Saturday 18 August 2018

Splash and shiver

It's now three days since we Whites returned from almost a week on the Causeway Coast of my native Northern Ireland.

It's taken me this long to report back because, well, we've all been a little bit tired.


This despite the kids still being too young to go to the Railway Arms.


Or the Portstewart Arms.


Although foodie places did let them in


Jamie and I had our annual dip on Barry's big one.


Whilst Mummy joined him, Charlotte and cousin Katie on the whirly-twirly-up-and-downy-thingy.


Our trip also included a visit to Water World which was supposed to close down last year but they couldn't find the key to lock it up.


However, there was one particular episode which will live long in my very cold bones.  And it's all as simple as ABC.

Jamie and Charlotte had gone for a paddle at the White Rocks beach on Saturday, before Jamie got carried away and went right in.  He emerged shortly afterwards complaining about potential damage to his undercarriage.

I mentioned this on Facebook, which led to the issue of a very kind invitation from my lovely friend Julie Smyth.  It was for Jamie to join the foolhardy members of the Arcadia Bathing Club (yes, ABC) in immersing themselves in the Atlantic Ocean at 10.30 the following morning.

These madsters meet at the same time every Sunday, 12 months of the year.  The purpose?  There are actually quite a few. "Bathing, swimming, body surfing, drinking coffee and doing a little bit of work for charity."  And there's just one rule.  "No wetsuits - be brave."

Jamie was immediately up for the challenge.  I thought he was bonkers - the innocence of youth - but said we'd take him.  Then I drank 10 pints of Guinness and informed Julie I'd do it too. 

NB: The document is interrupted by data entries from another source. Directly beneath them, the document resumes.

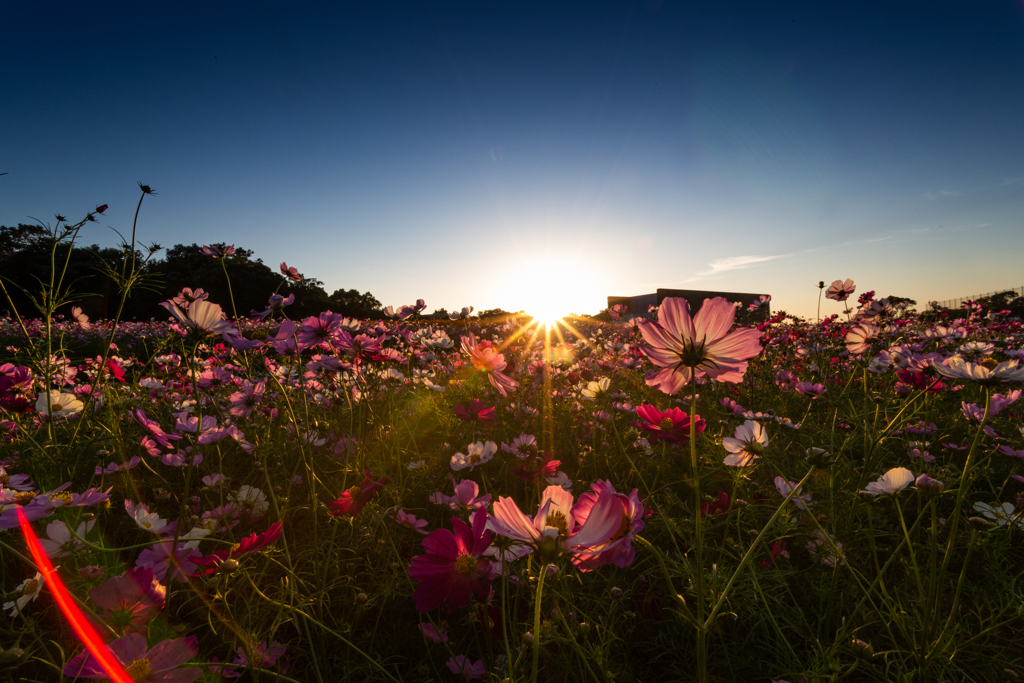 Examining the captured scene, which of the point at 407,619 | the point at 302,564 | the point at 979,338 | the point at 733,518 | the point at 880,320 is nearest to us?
the point at 407,619

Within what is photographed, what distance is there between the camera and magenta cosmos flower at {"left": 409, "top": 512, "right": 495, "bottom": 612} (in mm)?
635

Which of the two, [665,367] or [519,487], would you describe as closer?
[665,367]

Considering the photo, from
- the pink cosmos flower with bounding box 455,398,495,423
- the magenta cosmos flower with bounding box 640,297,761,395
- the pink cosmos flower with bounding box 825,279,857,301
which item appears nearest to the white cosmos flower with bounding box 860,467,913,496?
the magenta cosmos flower with bounding box 640,297,761,395

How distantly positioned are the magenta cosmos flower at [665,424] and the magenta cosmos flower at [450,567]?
1.42 ft

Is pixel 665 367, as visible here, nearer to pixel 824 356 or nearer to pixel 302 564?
pixel 302 564

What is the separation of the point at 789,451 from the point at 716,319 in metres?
1.33

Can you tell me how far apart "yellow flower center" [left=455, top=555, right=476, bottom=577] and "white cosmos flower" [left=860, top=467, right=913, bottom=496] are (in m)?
0.75

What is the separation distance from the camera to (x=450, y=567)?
2.18 ft

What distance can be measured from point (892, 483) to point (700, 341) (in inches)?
21.3

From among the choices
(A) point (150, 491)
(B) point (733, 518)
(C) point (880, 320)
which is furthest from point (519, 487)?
(C) point (880, 320)

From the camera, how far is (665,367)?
2.15ft

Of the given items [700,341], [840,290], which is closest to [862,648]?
[700,341]

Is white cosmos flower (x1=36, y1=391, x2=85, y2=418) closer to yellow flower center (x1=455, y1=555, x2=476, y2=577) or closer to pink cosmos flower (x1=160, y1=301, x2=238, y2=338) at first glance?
pink cosmos flower (x1=160, y1=301, x2=238, y2=338)

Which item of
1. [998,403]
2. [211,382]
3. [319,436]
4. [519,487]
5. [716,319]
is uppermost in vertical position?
[716,319] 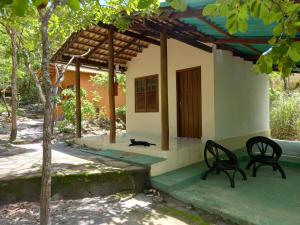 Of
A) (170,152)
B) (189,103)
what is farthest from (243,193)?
(189,103)

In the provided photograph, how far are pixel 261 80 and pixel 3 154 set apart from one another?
8.72m

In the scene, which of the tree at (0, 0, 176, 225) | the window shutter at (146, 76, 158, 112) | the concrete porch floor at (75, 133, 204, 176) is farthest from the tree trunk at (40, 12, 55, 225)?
the window shutter at (146, 76, 158, 112)

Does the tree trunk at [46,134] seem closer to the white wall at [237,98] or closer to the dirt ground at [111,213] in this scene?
the dirt ground at [111,213]

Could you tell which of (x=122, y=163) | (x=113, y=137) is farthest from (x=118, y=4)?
(x=113, y=137)

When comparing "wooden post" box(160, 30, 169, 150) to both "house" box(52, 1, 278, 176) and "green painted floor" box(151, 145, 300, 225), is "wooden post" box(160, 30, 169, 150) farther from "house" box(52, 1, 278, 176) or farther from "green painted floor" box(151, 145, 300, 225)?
"green painted floor" box(151, 145, 300, 225)

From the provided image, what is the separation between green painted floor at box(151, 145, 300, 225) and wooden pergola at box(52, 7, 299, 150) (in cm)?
97

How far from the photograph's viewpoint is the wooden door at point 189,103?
27.1 feet

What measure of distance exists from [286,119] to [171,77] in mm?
5850

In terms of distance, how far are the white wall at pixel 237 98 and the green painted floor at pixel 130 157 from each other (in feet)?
7.78

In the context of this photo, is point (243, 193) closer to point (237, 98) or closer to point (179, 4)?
point (237, 98)

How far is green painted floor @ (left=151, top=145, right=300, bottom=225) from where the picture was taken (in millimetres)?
4238

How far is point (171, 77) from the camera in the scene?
8914 millimetres

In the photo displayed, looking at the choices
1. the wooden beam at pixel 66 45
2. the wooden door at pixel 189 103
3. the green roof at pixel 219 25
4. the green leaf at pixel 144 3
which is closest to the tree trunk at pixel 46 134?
the green roof at pixel 219 25

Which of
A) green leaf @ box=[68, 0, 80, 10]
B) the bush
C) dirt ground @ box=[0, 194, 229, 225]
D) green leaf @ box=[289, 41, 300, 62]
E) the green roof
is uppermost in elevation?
the green roof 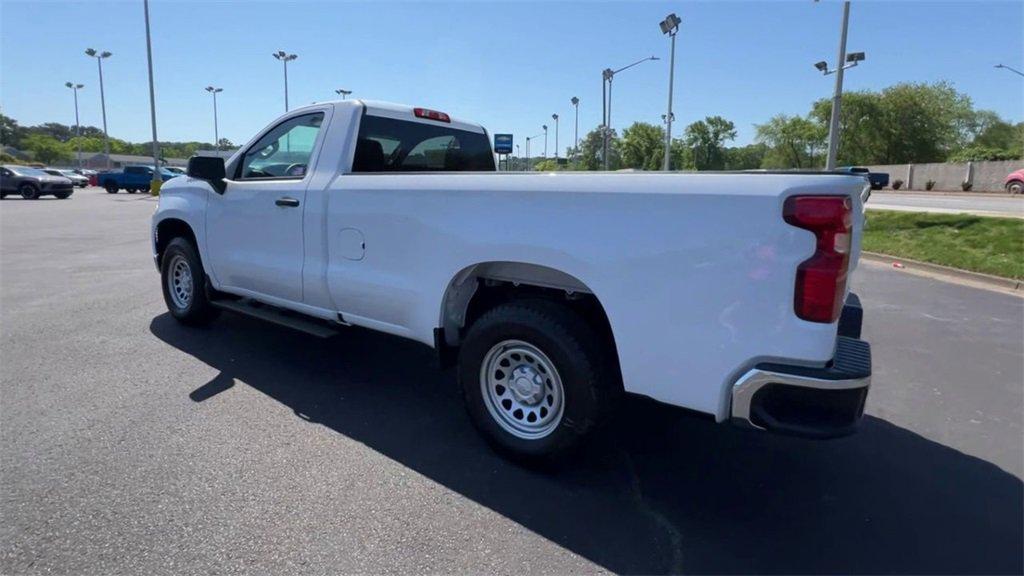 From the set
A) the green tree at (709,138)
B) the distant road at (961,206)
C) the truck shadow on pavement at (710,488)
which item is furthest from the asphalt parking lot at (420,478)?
the green tree at (709,138)

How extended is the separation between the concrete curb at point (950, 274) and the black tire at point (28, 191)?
110 ft

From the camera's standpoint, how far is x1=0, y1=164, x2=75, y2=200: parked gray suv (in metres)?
27.3

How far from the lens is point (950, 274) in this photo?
998 cm

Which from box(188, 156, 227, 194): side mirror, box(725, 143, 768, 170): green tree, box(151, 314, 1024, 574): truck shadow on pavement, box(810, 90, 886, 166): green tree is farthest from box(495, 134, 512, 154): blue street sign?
box(725, 143, 768, 170): green tree

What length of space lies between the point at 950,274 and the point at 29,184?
34.5 m

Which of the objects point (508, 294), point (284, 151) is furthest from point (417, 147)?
point (508, 294)

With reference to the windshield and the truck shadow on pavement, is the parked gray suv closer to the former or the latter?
the windshield

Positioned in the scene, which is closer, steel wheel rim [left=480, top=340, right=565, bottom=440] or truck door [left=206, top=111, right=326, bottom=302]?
steel wheel rim [left=480, top=340, right=565, bottom=440]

It took me a few minutes the next morning to recall my pledge.  And then the horror of what I'd done hit me.  But, as one of the most fundamentally decent human beings I've met, Julie was not someone I was prepared to let down.

So Jamie had his moment, Charlotte had another paddle and I made a complete fool of myself in front of lots of strangers.

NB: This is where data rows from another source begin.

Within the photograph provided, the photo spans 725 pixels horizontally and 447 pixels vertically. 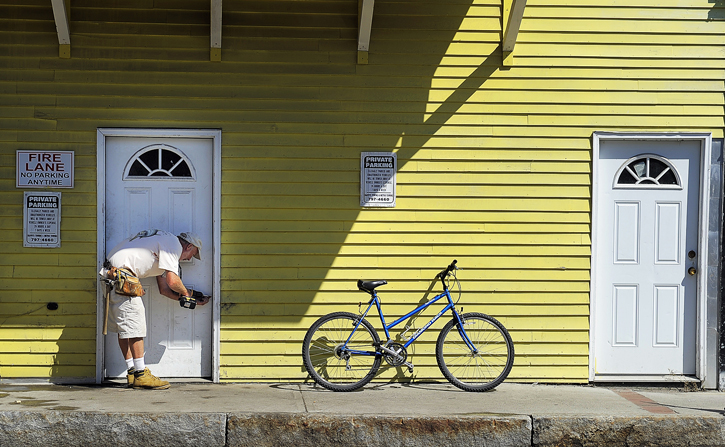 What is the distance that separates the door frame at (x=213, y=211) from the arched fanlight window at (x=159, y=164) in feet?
0.50

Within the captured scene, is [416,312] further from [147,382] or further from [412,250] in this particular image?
[147,382]

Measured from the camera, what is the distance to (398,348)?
21.3ft

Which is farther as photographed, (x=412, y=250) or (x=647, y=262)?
(x=647, y=262)

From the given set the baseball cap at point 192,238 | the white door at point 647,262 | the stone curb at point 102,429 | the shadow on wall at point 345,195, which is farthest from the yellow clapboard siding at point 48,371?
the white door at point 647,262

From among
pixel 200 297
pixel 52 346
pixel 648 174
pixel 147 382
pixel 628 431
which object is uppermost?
pixel 648 174

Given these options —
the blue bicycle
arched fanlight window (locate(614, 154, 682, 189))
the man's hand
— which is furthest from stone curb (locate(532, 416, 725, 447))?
the man's hand

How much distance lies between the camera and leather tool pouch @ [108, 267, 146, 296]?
6109 mm

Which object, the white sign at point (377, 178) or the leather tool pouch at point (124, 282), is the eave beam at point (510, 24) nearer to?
the white sign at point (377, 178)

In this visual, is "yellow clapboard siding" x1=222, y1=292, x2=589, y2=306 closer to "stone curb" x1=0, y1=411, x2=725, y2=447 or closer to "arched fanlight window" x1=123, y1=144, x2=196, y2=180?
"arched fanlight window" x1=123, y1=144, x2=196, y2=180

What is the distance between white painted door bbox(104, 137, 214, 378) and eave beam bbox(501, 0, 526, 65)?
3.00 m

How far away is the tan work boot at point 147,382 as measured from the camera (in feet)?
20.4

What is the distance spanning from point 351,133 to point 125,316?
2673 millimetres

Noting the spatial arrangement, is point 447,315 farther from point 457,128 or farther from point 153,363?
point 153,363

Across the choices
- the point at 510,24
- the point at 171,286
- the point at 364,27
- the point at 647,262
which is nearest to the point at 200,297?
the point at 171,286
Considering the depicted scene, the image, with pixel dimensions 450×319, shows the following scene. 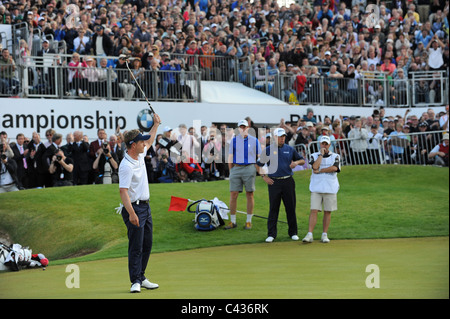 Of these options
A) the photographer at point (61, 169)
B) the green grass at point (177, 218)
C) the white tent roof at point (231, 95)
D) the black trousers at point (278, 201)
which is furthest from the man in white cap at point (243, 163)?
the white tent roof at point (231, 95)

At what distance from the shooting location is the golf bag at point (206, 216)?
1670 centimetres

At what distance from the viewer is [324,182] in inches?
591

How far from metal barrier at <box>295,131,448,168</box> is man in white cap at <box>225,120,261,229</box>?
707 cm

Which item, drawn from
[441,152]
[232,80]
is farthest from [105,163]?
[441,152]

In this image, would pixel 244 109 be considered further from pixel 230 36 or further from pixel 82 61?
pixel 82 61

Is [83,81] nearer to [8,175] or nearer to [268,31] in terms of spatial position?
[8,175]

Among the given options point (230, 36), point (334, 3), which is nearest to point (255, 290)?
point (230, 36)

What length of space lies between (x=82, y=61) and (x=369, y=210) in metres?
10.1

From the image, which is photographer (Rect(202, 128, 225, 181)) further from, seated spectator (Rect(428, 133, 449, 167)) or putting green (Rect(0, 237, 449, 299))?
putting green (Rect(0, 237, 449, 299))

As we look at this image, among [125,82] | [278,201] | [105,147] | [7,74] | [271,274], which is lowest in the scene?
[271,274]

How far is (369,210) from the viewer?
1853cm

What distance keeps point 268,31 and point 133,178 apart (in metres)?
21.5

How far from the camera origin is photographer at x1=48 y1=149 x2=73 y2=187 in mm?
20141

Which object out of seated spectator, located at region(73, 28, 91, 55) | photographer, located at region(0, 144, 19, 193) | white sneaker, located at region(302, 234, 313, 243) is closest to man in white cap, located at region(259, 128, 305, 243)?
white sneaker, located at region(302, 234, 313, 243) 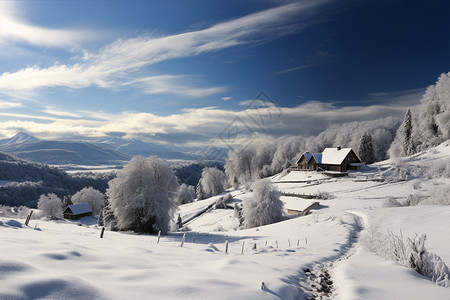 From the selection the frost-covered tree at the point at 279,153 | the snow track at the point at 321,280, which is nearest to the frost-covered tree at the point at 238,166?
the frost-covered tree at the point at 279,153

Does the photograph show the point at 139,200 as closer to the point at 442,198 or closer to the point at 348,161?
the point at 442,198

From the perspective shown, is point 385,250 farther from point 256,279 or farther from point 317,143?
point 317,143

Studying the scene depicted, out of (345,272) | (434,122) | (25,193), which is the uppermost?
(434,122)

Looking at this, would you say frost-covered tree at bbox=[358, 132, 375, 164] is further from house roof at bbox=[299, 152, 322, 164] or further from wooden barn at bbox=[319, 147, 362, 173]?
house roof at bbox=[299, 152, 322, 164]

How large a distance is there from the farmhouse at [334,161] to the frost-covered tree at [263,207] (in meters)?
33.3

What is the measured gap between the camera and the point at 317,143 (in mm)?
108000

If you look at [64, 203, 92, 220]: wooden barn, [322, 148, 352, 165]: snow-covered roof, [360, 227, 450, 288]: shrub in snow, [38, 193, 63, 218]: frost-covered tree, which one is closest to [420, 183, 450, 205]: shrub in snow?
[360, 227, 450, 288]: shrub in snow

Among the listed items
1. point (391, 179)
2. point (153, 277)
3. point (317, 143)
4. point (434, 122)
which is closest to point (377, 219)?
point (153, 277)

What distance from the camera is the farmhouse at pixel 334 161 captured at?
65125 millimetres

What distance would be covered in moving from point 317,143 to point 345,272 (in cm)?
10744

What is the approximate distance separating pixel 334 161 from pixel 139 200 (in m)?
57.0

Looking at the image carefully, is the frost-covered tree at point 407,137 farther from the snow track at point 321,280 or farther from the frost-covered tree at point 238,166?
the snow track at point 321,280

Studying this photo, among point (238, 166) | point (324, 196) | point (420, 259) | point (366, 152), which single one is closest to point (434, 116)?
point (366, 152)

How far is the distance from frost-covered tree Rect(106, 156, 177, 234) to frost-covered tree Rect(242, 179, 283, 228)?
15.2 meters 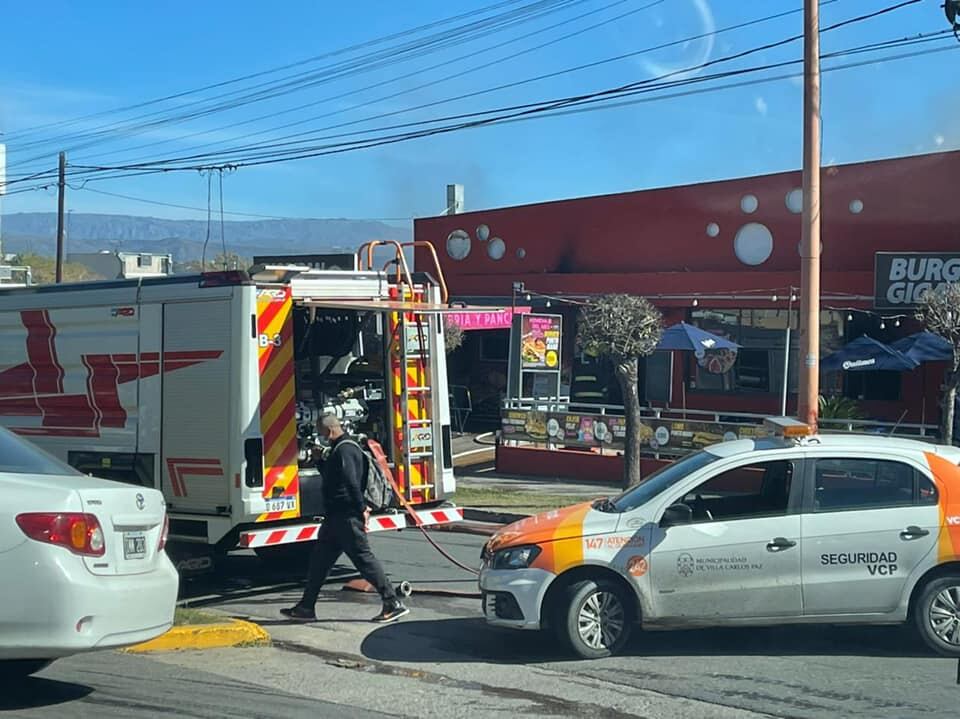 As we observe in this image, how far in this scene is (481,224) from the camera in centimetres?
2916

Some of them became my friends afterwards over hot coffee.

As I was trudging out, I said to a lady: "I've never given birth but it can't be worse than that."

She looked at me, all pale, pathetic and shivering (me not her), and replied: "It certainly doesn't look like you'll be able to have any more children."  Indeed.  Even going to the loo proved to be a challenge until almost lunchtime.

All good fun and highly recommended but, eff me, it was freezing.  If the good people at ABC want to raise a bit more money for charity, I suggest that a swear box is an obvious way to go.